The defendants' responded to this application in what the Judge described as "a manner characteristic of defendants in this litigation, namely, with vigour".  They sought to strike out this claim and set aside the WFO granted against Mr Krapunov, on the grounds that:

  1. Contempt of court does not amount to "unlawful means" which must be established in order to satisfy the criteria for a claim for unlawful conspiracy.  Case law has confirmed that conspiracy to injure by unlawful means involves an arrangement between two or more parties, whereby they effectively agree that at least one of them will use "unlawful means" against the claimant, with the claimant suffering loss or damage as a result.
  2. The Court had no jurisdiction to hear this claim as Mr Krapunov is domiciled in Switzerland and Mr Ablyazov left England in 2012.

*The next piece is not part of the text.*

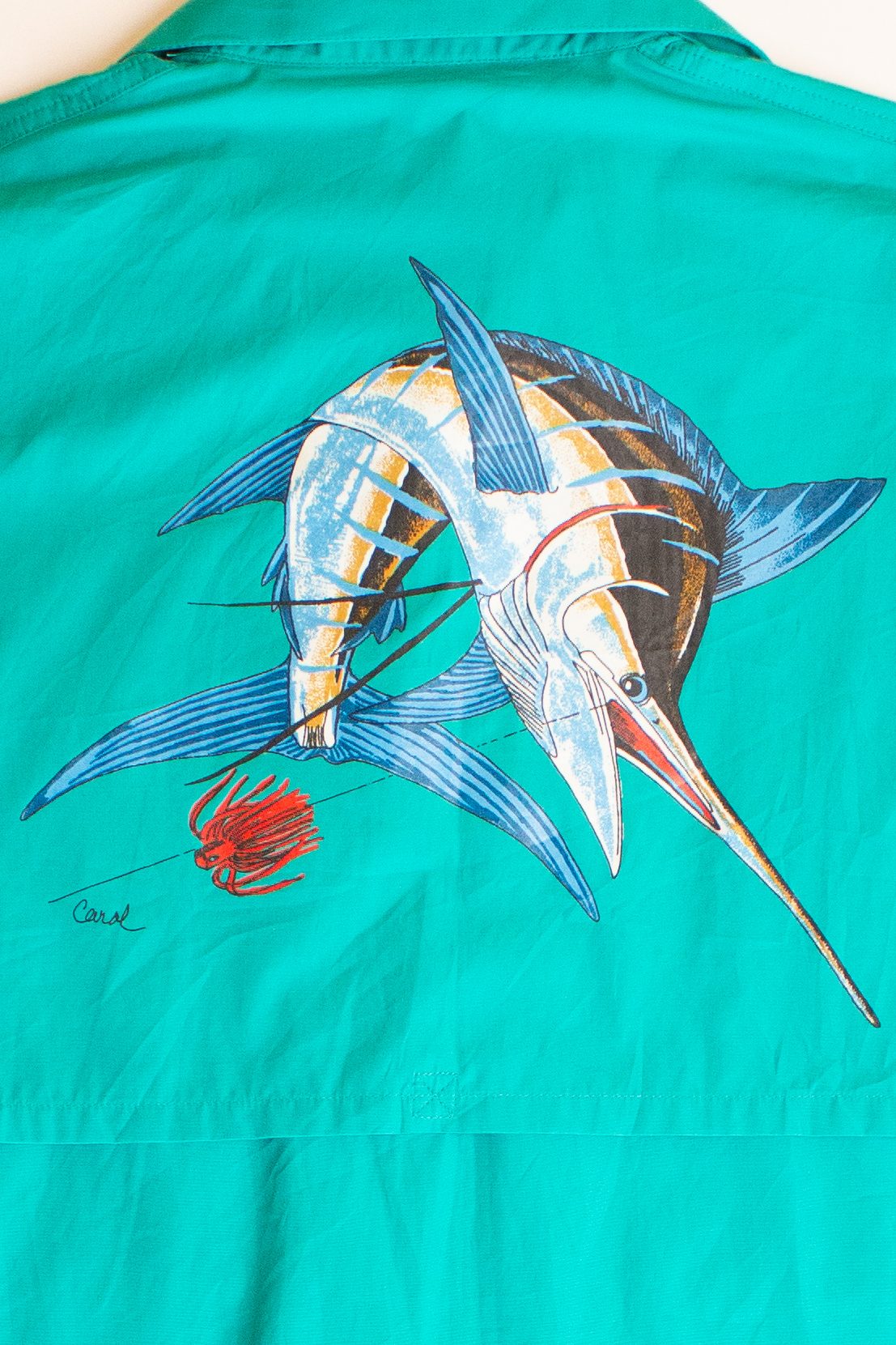 Vintage Cabela's Swordfish Button Up Shirt (1990s)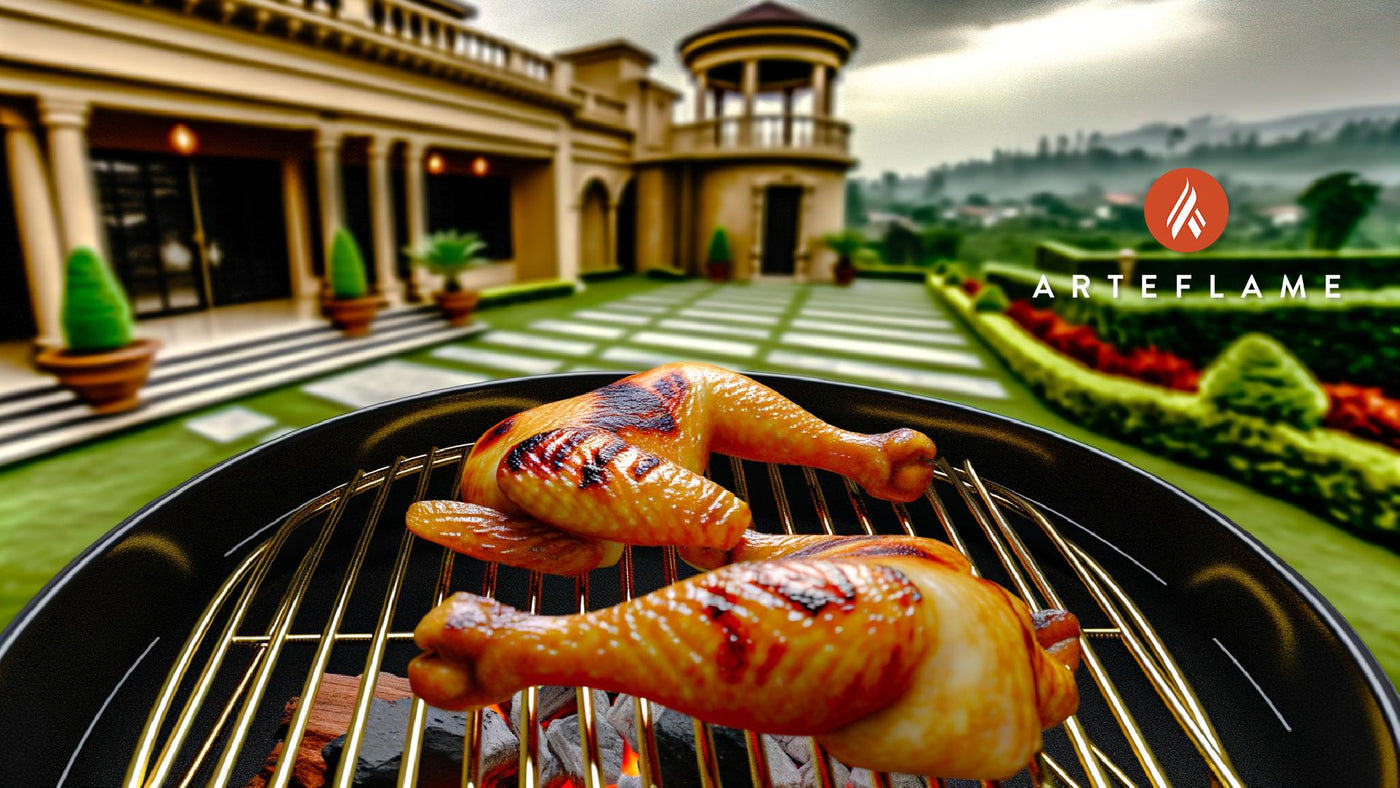 How do I get crispy skin on grilled chicken?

The Court held that contempt of court did qualify as "unlawful means", sufficient to support a claim for damages based on unlawful conspiracy. 

In his judgment, Mr Justice Teare was persuaded that it was a "principled incremental step" justified by a Supreme Court decision which found that the crime of cheating the HM Revenue amounted to unlawful means. 

The Judge also confirmed that the English Court had jurisdiction under Article 5(3) of the Lugano Convention since arguably the damage which gave rise to these events (i.e. the conspiracy) took place in England, as did the damage which occurred (i.e. the Bank's cause of action arising from the WFO and judgment).


The Court's approach demonstrates yet again a willingness to allow increasingly innovative means of enforcing WFOs.  As mentioned above, this decision follows the Supreme Court's judgment which allowed the proceeds of Mr Ablyazov's loan to be treated as "assets" caught by the WFO.  Now it also appears that a claimant may be able to pursue a claim for damages on the grounds of unlawful conspiracy against a defendant or third party who helps frustrate a WFO.